Interpreting and Controlling Model Behavior via Constitutions for Atomic Concept Edits
Neha Kalibhat, Zi Wang, Prasoon Bajpai, Drew Proud, Wenjun Zeng, Been Kim, Mani Malek
TL;DR
This work tackles the challenge of interpreting and controlling black-box generative models by learning a natural language constitution that maps atomic concept edits (ACEs) to predictable behavioral changes. The authors formalize ACEs as add, remove, or replace operations on prompt concepts and optimize constitutions via a surrogate LLM and an evolutionary process to guide ACE generation. They demonstrate the approach on Word Count, Math, and text-to-image alignment tasks, using diverse models and autoraters, and show that constitution-guided ACE achieves about 1.86x higher success rates than non-constitution baselines while preserving prompt diversity. The framework yields actionable, generalizable insights into how prompting concepts shape model outputs and enables more efficient, interpretable steering across modalities, with potential extensions to broader inputs and operator spaces.
Abstract
We introduce a black-box interpretability framework that learns a verifiable constitution: a natural language summary of how changes to a prompt affect a model's specific behavior, such as its alignment, correctness, or adherence to constraints.

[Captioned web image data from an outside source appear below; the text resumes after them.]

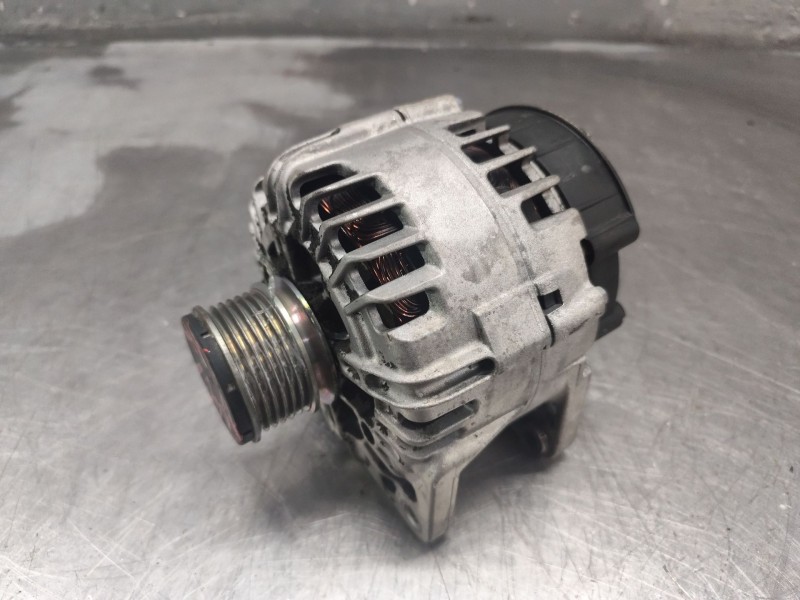 Recambio de alternador para renault scénic iii (jz0/1_) 1.5 dci referencia OEM IAM 2606272D  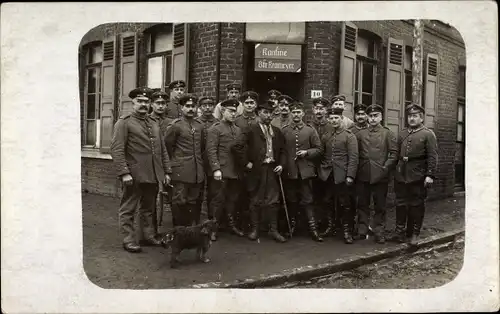 Foto Ak Deutsche Soldaten in Uniformen, Gruppenaufnahme, Kantine, I WK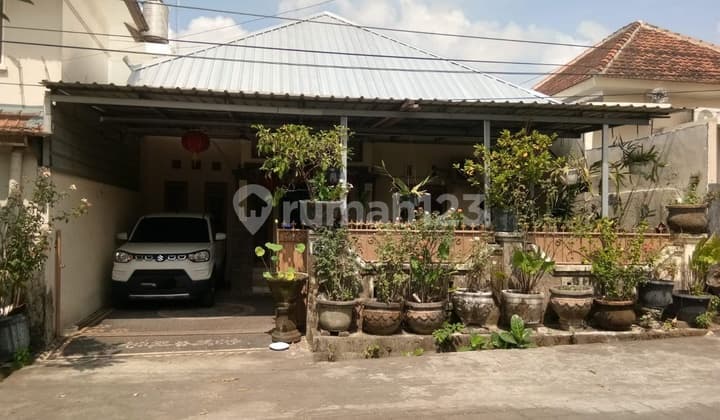 Rumah Nyaman 2 Lantai Unfurnished Shm Imb Ada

Our method leverages atomic concept edits (ACEs), which are targeted operations that add, remove, or replace an interpretable concept in the input prompt. By systematically applying ACEs and observing the resulting effects on model behavior across various tasks, our framework learns a causal mapping from edits to predictable outcomes. This learned constitution provides deep, generalizable insights into the model. Empirically, we validate our approach across diverse tasks, including mathematical reasoning and text-to-image alignment, for controlling and understanding model behavior. We found that for text-to-image generation, GPT-Image tends to focus on grammatical adherence, while Imagen 4 prioritizes atmospheric coherence. In mathematical reasoning, distractor variables confuse GPT-5 but leave Gemini 2.5 models and o4-mini largely unaffected. Moreover, our results show that the learned constitutions are highly effective for controlling model behavior, achieving an average of 1.86 times boost in success rate over methods that do not use constitutions.